Our organization may consider donations to support the coverage of particular topics, but our organization maintains editorial control of the coverage. We will cede no right of review or influence of editorial content, nor of unauthorized distribution of editorial content.

Our organization will make public all donors who give a total of $5,000 or more per year. We will accept anonymous donations for general support only if it is clear that sufficient safeguards have been put into place that the expenditure of that donation is made independently by our organization and in compliance with INN’s Membership Standards.


INN Network Member

 

Editorial Priorities

As a nonprofit news organization, Dallas Free Press is strictly nonpartisan, but we aren’t completely objective. We are unabashedly biased toward the two neighborhoods we cover — South Dallas and West Dallas — and the voices of the people who live in them.

Our editorial strategy centers around our bias and our commitment to community, civic, solutions and movement journalism:

We spend a lot of time in our neighborhoods, listening to residents and asking them how journalism can do better. Here is a snapshot of what we learned from our neighbors in 2021.
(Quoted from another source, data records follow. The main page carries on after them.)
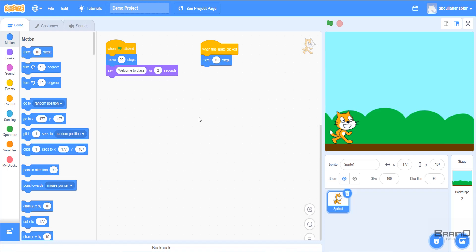So this is it for the video. In the next video we'll learn about X and Y axis, which are really important for Scratch programming. I'll see you in the next video. Thank you!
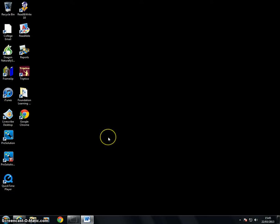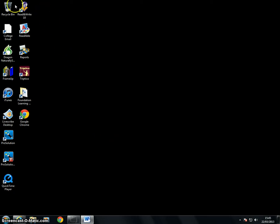First of all we'll go through opening the program. There are two ways to do this, either the Read&Write 10 symbol on your desktop.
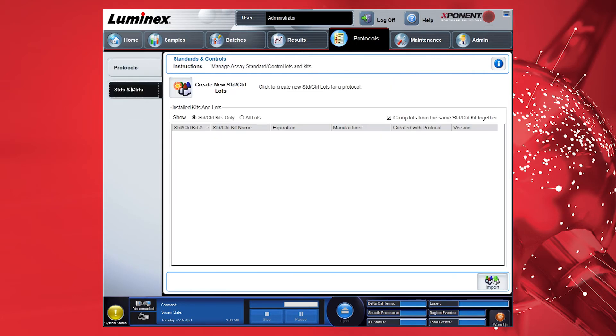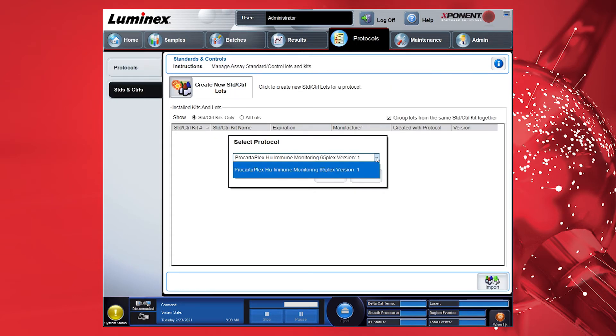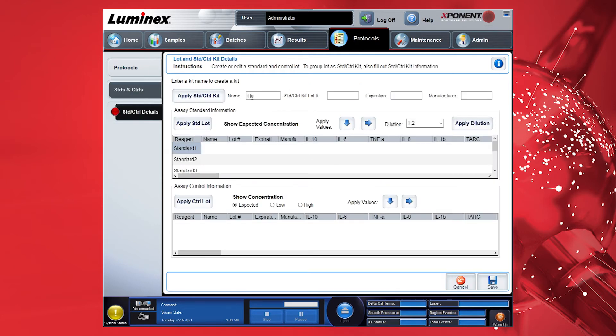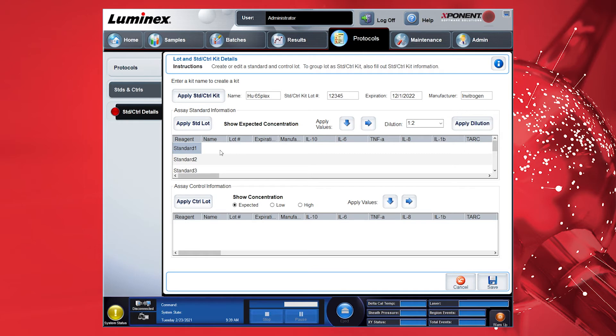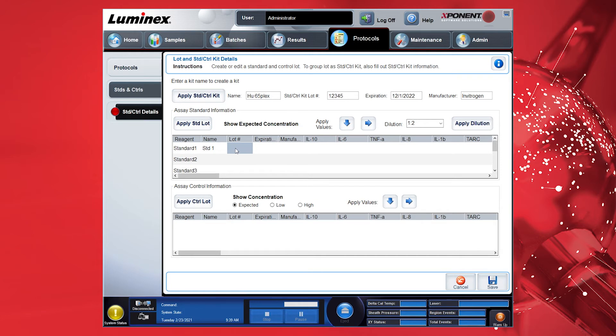Now select the Standards and Controls tab to define the standards. Enter a name, the lot number, the expiration date, and the manufacturer to the tab. If you have more than one standard mix included in the panel, enter them by separating each with a comma. There is a limited amount of characters allowed, so you may need to abbreviate lot number entry if mixing multiple standard lots. If you have more than one standard mix, we recommend using the lot number of the whole kit for the standard lot number.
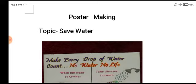Toh poster kya hoota hai? Poster ek bohot useful means hai. Hum kisi bhi chiz ka announcement kar saktay hai, us ke liye hum poster bana saktay hai. Kisi product ka advertisement karna hai tab hum poster ka use kar saktay hai. Ya phir kisi bhi issue par koi awareness lani hai, public interest ke liye, public ko kuch batana hai — tab hum use karte hai poster.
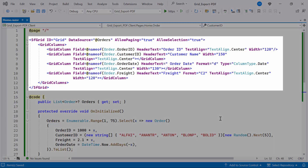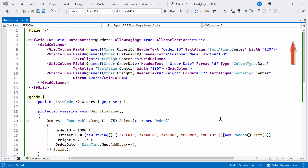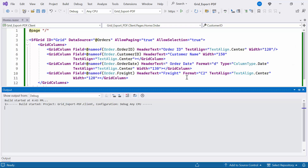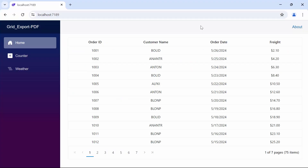I've already added the Syncfusion Blazor DataGrid component with the DataSource property bound to the Orders list. If you want to know how to add a Blazor DataGrid component to a Blazor web app, you can refer to the video linked in the YouTube card above. Now let's run the example application. As you can see, the Blazor DataGrid component is rendered with the Orders data source. Next, I will demonstrate how to export the Blazor DataGrid component to a PDF document.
Through our ongoing listening process, we’ve created priority issues and topics of most importance to South Dallas and West Dallas  neighbors, which drive our editorial decisions and our content choices:

  1. Community assets: Too many stories told about South Dallas and West Dallas focus on crime and blight. We’re not going to sugarcoat the problems, but we want to highlight the good news that doesn’t receive enough coverage.
  2. Follow-ups: What our neighbors appreciate most from us is not just the big announcements but paying attention to what happens next — whether promises made were kept, whether big initiatives that launched made any difference, whether the people a program intended to help actually benefited.